« Maman, il m’a tapé ! », « Mais c’est elle qui m’a tapé la première ! »
Une des conférences les plus appréciées lors du séminaire sur la pédiatrie et la parentalité a été celle sur la rivalité fraternelle. Tout parent de deux enfants ou plus comprend les enjeux qui peuvent surgir dans les relations entre frères et sœurs, et comment la jalousie, la concurrence et les chamailleries peuvent rendre tout le monde fou ! Comment faire pour gérer ces dynamiques et mettre en place un meilleur environnement familial ? Une spécialiste de la parentalité, Marie Marchand* nous parle de la rivalité fraternelle.
Propos recueillis par Amélie Dionne-Charest
Trait d’Union : Quels sont les avantages à avoir un frère ou une sœur ?
Marie Marchand : Il existe de nombreux avantages à avoir des frères et sœurs.

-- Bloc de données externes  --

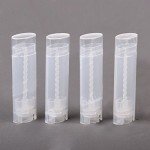 100 Pcs Clear Oval Lip Balm Tubes with Lids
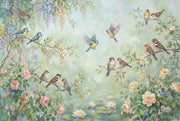 Wisteria Wallpaper Birds Removable Floral Garden Wall Decor design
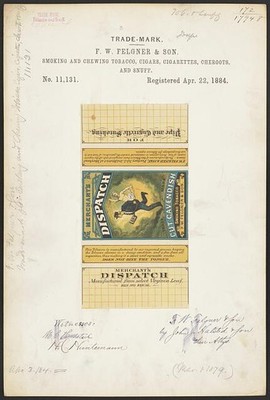 F W Felgner Son Merchant's Dispatch Cavendish Tobacco Trade Mark 1884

J’ai posé la question à mes trois enfants qui sont maintenant de jeunes adultes et, selon eux, un frère ou une sœur vous apprend à :
- partager,
- négocier,
- résoudre les conflits,
- faire preuve de bienveillance,
- aimer,
- être un ami et découvrir ce qu’est un ami,
- coopérer,
- faire des compromis,
- se réconcilier,
- prendre soin les uns des autres,
- maintenir une relation sur le long terme.
Et bien sûr, un frère ou une sœur vous permet d’avoir quelqu’un avec qui jouer, passer du temps, ou même faire des bêtises !
En tant que parents, quels sont les facteurs auxquels nous devons prêter attention et qui contribuent à faire naître la jalousie, la compétition ou des tensions entre frères et sœurs ?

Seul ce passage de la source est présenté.